• **WHAT YOU SHOULD DO**
Everything from the line holding "アクアS 走行71322キロ/車検整備付/ナビ/バックカメラ一年保証・走行距離無制限 走行71322キロ" to the last line of the material below must be retyped exactly, minus any pictures.

• **DATA**
[Start of Attachment]

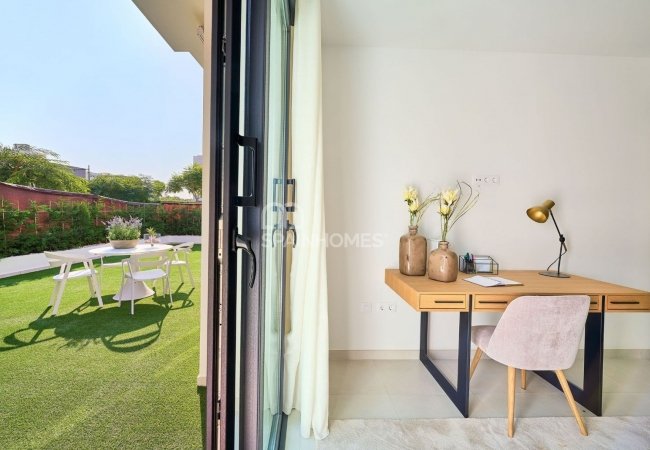 Modern Townhouses Close to Amenities in Estepona 11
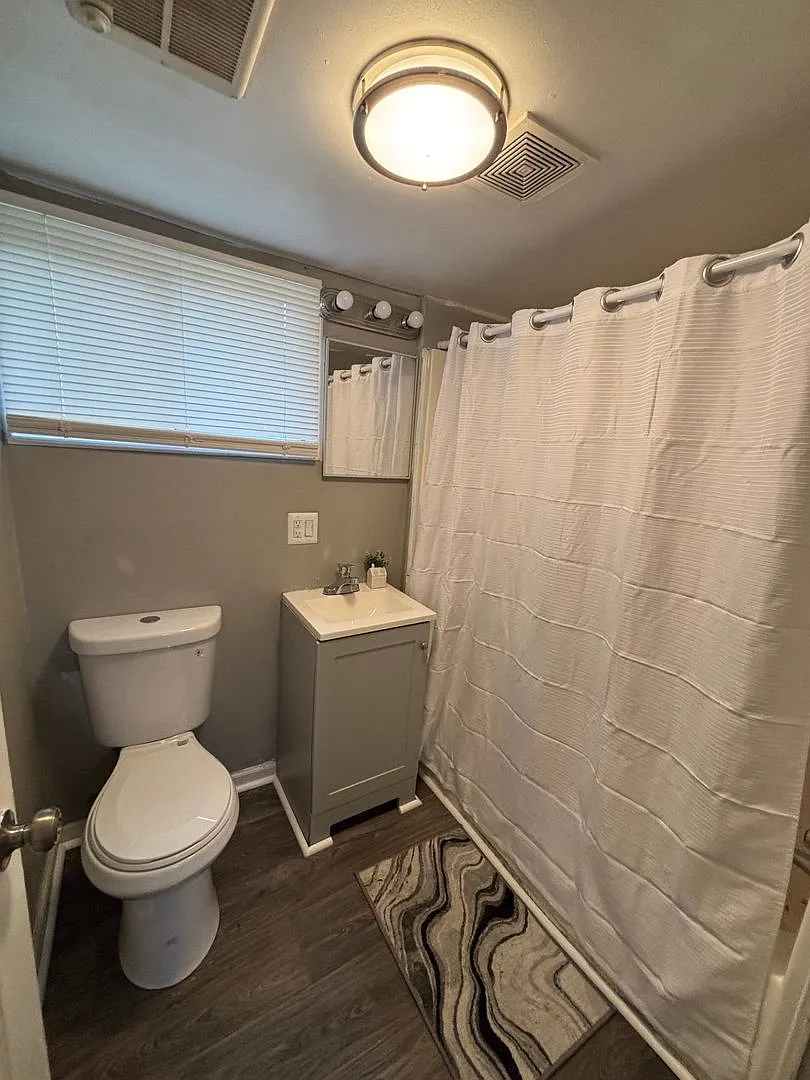 Coming Soon! 2 Bed / 1 Bath — Photo 3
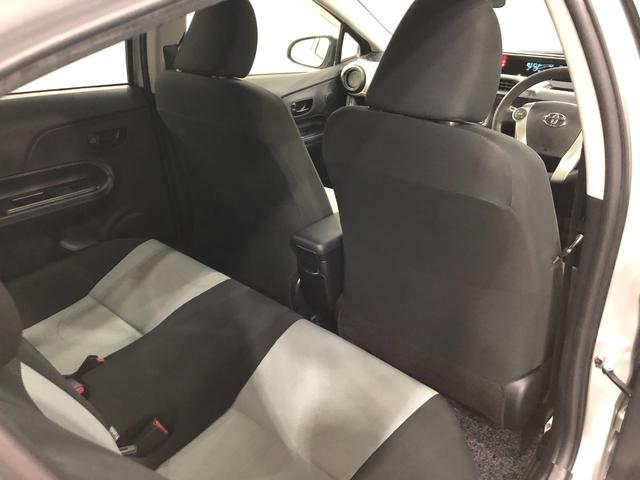 アクアS 走行71322キロ/車検整備付/ナビ/バックカメラ一年保証・走行距離無制限 走行71322キロ ワンセグナビ ブルートゥース バックカメラ キーレス ホイールキャップ 電動格納ミラー(東京都)の中古車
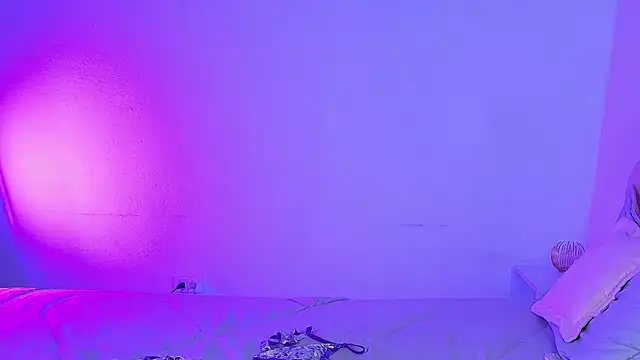 XXX chat uživo modela MiaColucci18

[End of Attachment]

• **ANSWER TO THIS EXERCISE**
 アクアS 走行71322キロ/車検整備付/ナビ/バックカメラ一年保証・走行距離無制限 走行71322キロ ワンセグナビ ブルートゥース バックカメラ キーレス ホイールキャップ 電動格納ミラー(東京都)の中古車
 XXX chat uživo modela MiaColucci18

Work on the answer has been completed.